(Extracted records)
- - - -

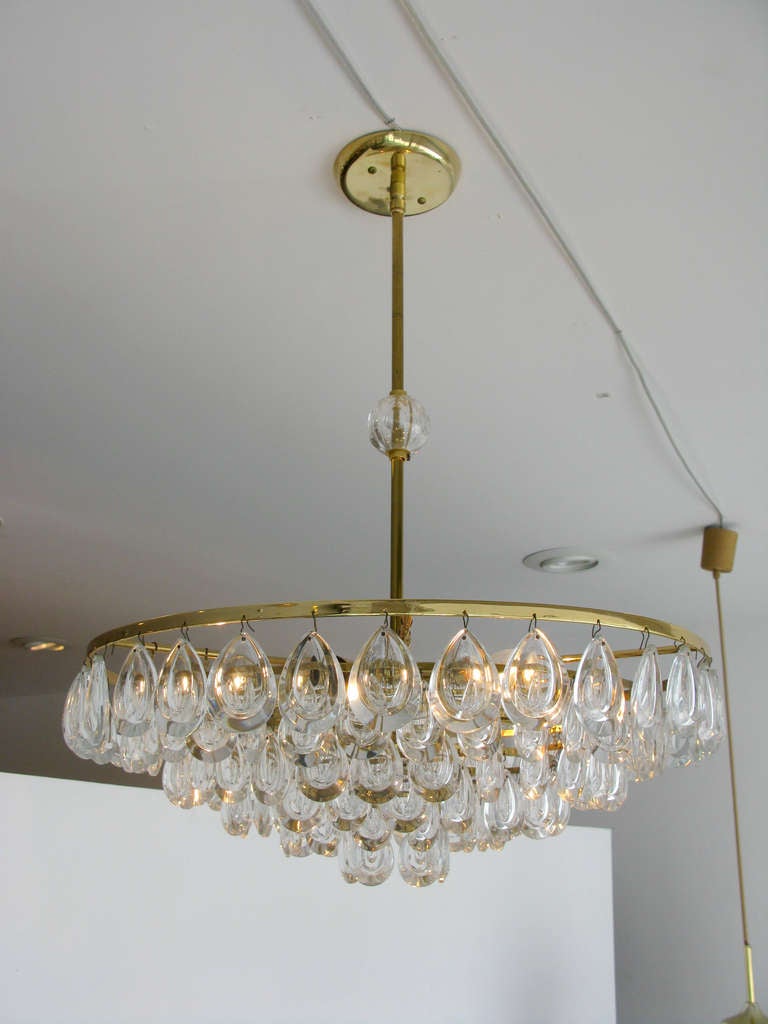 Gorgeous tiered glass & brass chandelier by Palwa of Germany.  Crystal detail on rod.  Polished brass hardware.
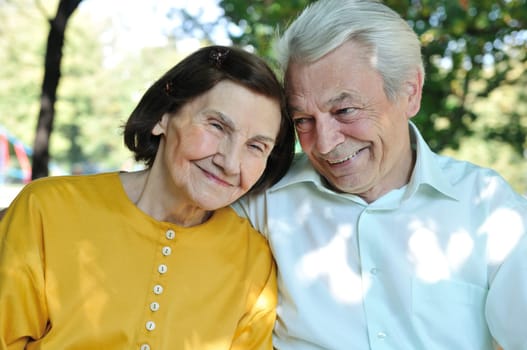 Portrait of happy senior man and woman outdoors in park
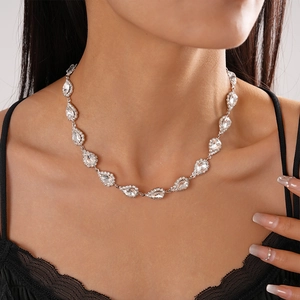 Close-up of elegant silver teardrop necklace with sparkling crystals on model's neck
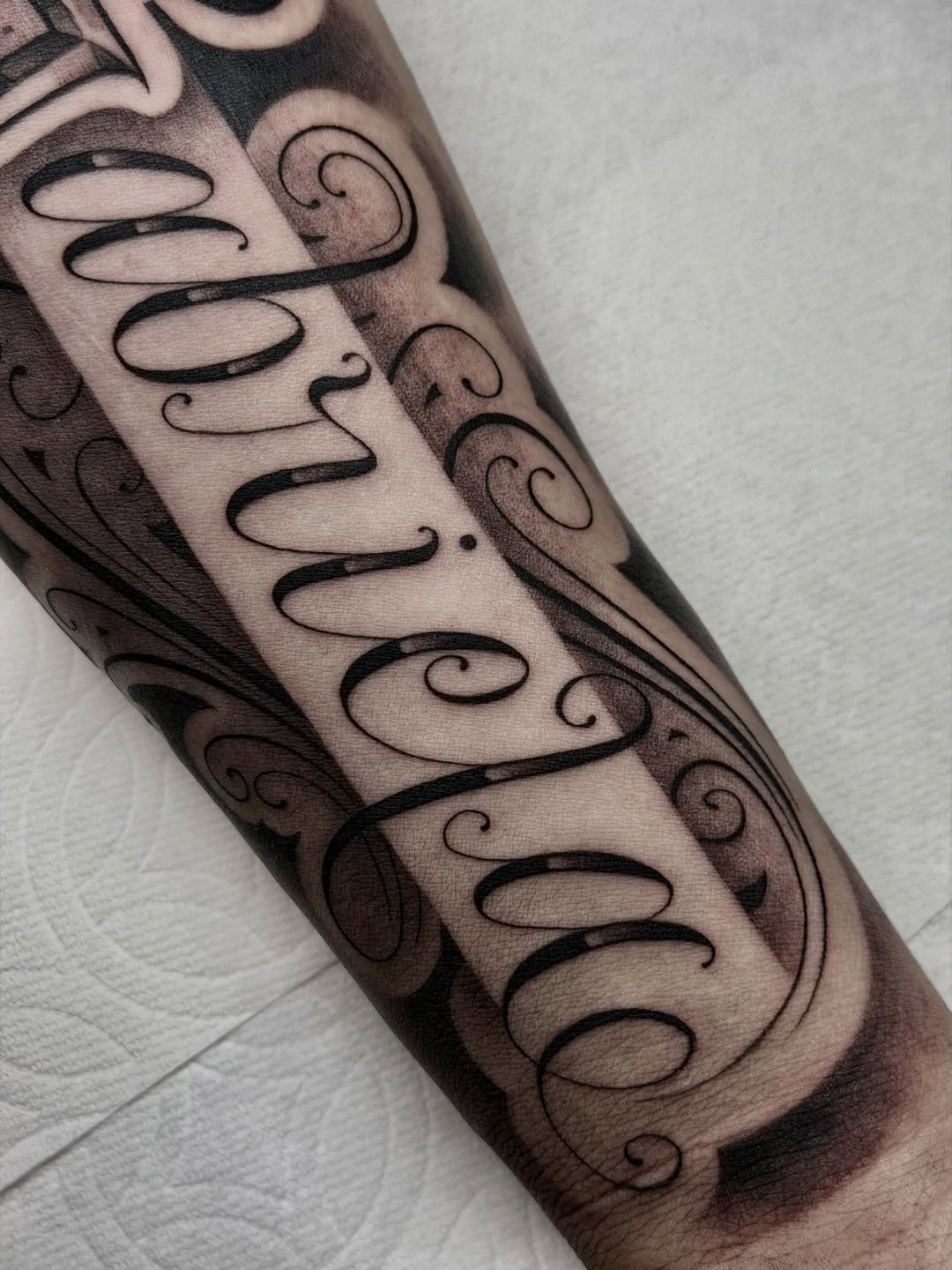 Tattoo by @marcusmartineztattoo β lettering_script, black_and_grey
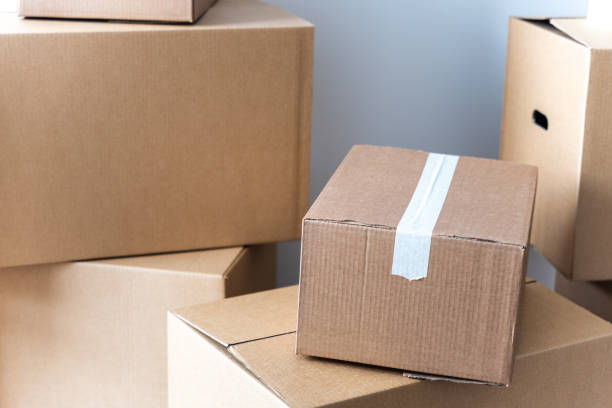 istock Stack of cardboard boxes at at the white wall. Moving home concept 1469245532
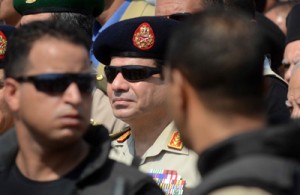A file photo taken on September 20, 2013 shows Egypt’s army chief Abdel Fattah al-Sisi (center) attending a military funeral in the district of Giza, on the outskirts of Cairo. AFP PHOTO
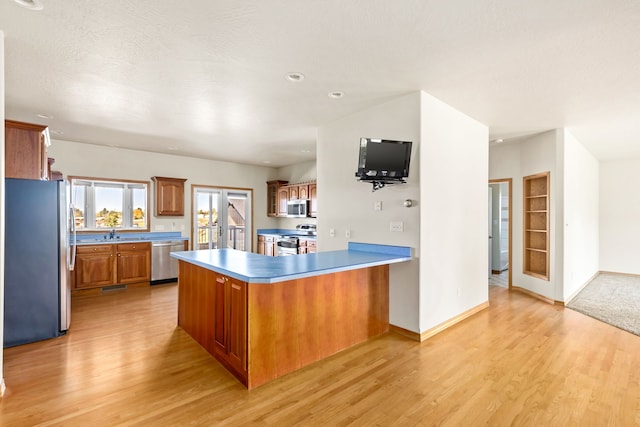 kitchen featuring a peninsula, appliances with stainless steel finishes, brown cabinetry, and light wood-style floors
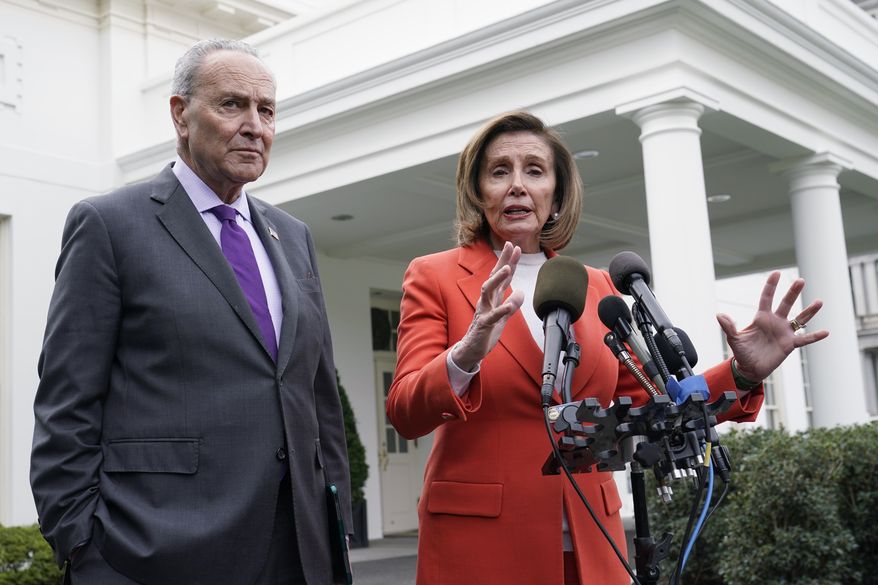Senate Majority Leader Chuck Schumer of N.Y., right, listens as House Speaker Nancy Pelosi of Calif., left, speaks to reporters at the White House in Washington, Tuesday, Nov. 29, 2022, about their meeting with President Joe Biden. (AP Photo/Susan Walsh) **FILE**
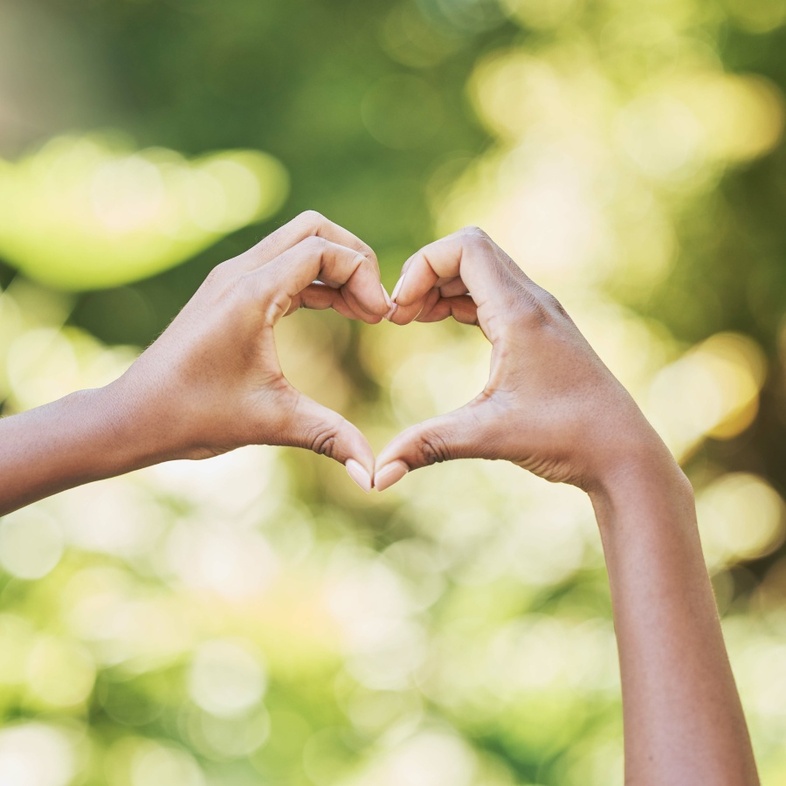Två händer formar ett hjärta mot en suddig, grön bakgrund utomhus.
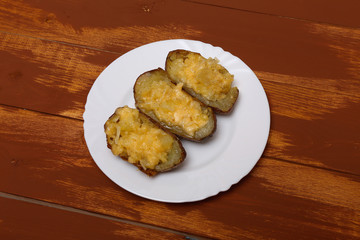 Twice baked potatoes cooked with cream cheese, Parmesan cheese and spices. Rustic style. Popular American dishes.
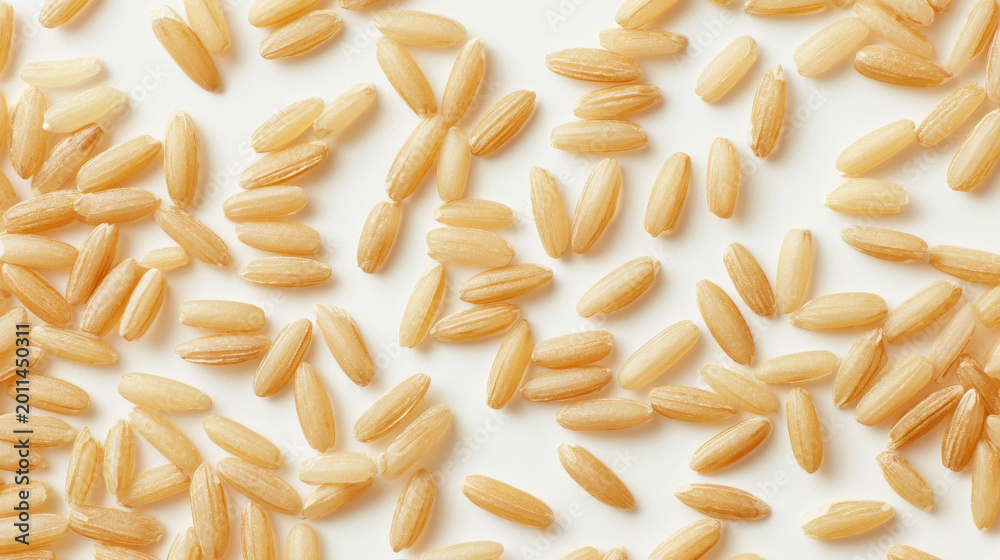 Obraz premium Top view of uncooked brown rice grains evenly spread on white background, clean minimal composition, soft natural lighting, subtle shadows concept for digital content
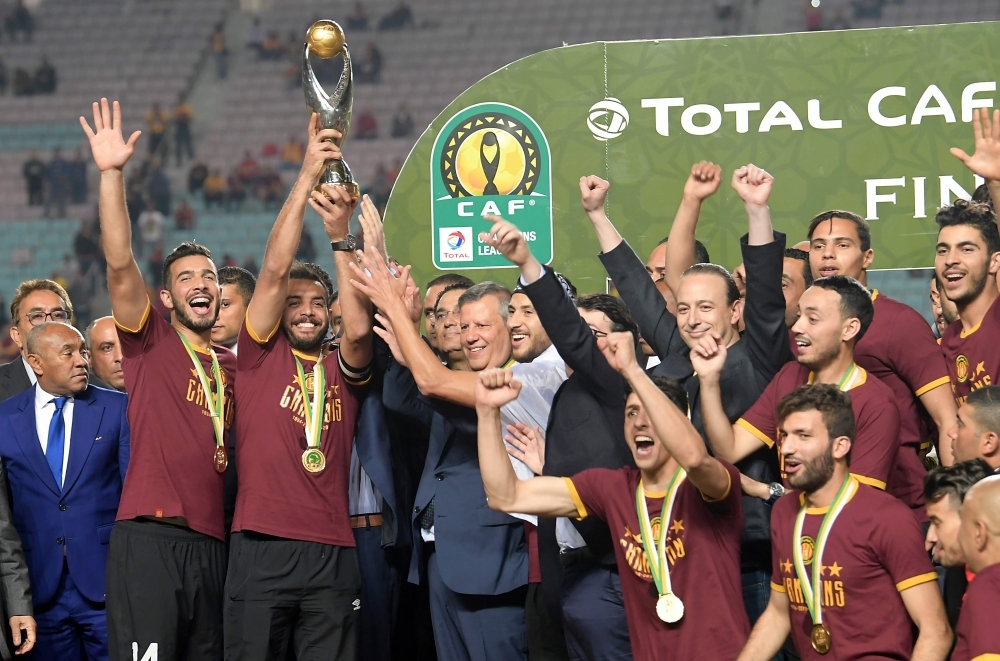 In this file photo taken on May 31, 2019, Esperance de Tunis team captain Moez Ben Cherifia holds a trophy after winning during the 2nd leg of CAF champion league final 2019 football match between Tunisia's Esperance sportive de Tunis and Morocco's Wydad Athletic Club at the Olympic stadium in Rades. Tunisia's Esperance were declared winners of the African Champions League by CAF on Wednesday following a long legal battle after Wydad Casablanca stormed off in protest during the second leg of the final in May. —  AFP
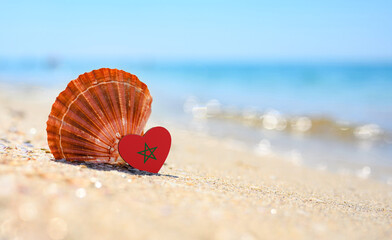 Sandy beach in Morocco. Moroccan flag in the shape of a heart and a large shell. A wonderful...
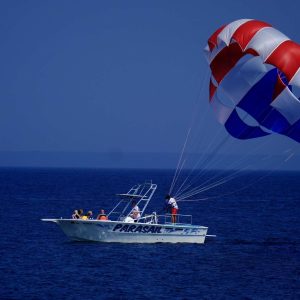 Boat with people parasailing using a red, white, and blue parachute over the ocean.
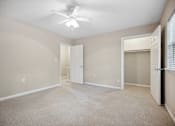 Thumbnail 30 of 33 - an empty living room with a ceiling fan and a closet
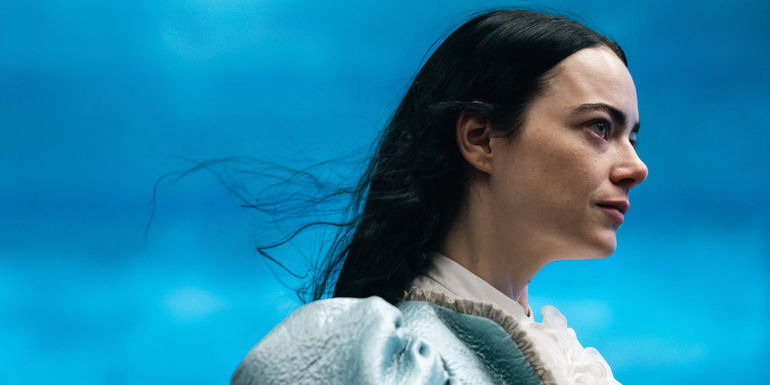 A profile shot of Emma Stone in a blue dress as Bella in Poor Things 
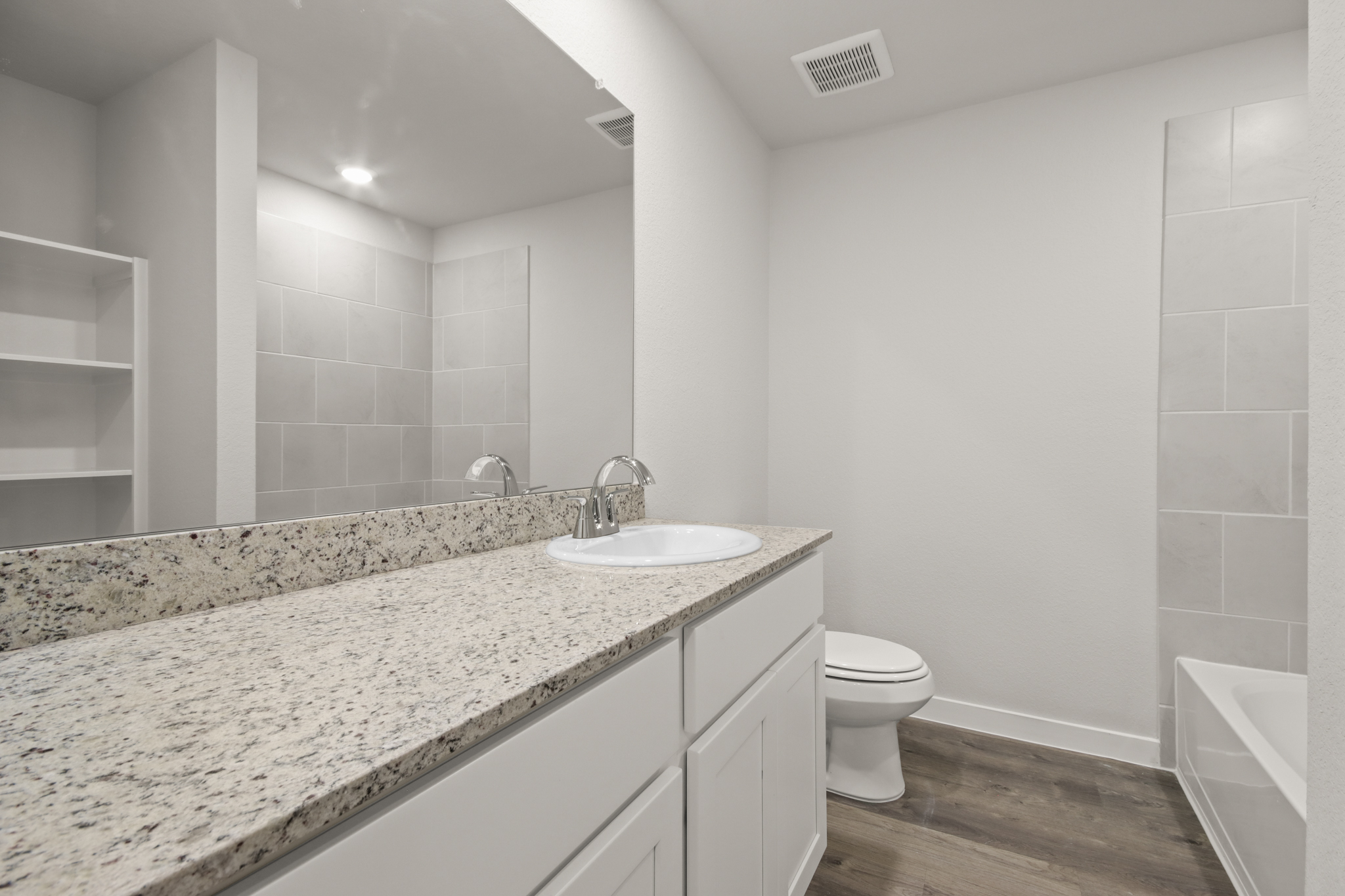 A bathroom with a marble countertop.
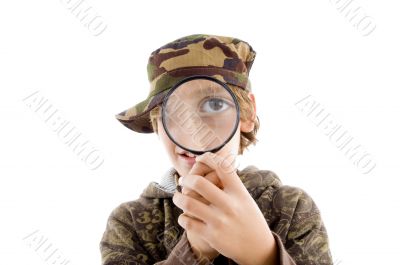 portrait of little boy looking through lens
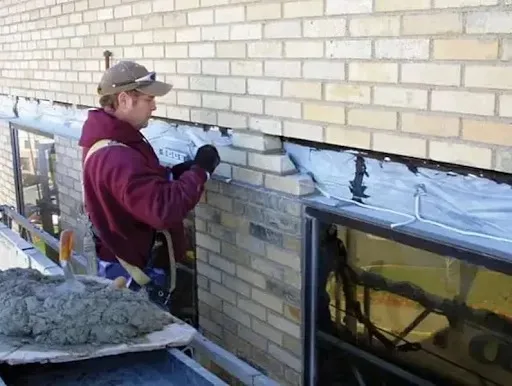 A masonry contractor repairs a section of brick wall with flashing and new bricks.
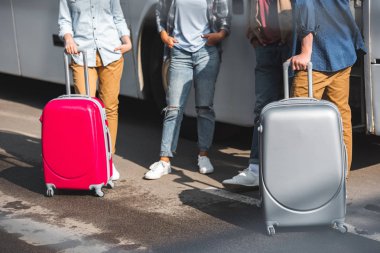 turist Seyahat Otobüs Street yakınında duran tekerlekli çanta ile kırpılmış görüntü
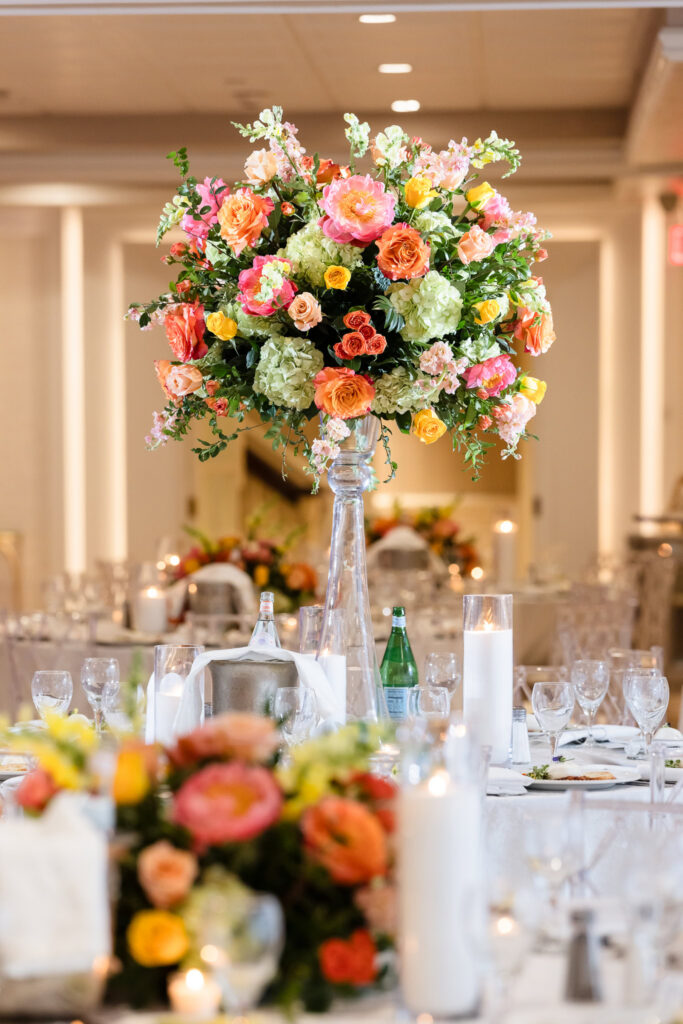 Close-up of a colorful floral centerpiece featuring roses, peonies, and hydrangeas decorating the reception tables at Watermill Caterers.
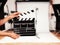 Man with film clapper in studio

- - - -

**How to complete this task**
In the data above, find the line with "A file photo" and the line with "kitchen featuring a". Please copy exactly those two lines and every line between them, but not the pictures.

**Your solution**
A file photo taken on September 20, 2013 shows Egypt’s army chief Abdel Fattah al-Sisi (center) attending a military funeral in the district of Giza, on the outskirts of Cairo. AFP PHOTO
 kitchen featuring a peninsula, appliances with stainless steel finishes, brown cabinetry, and light wood-style floors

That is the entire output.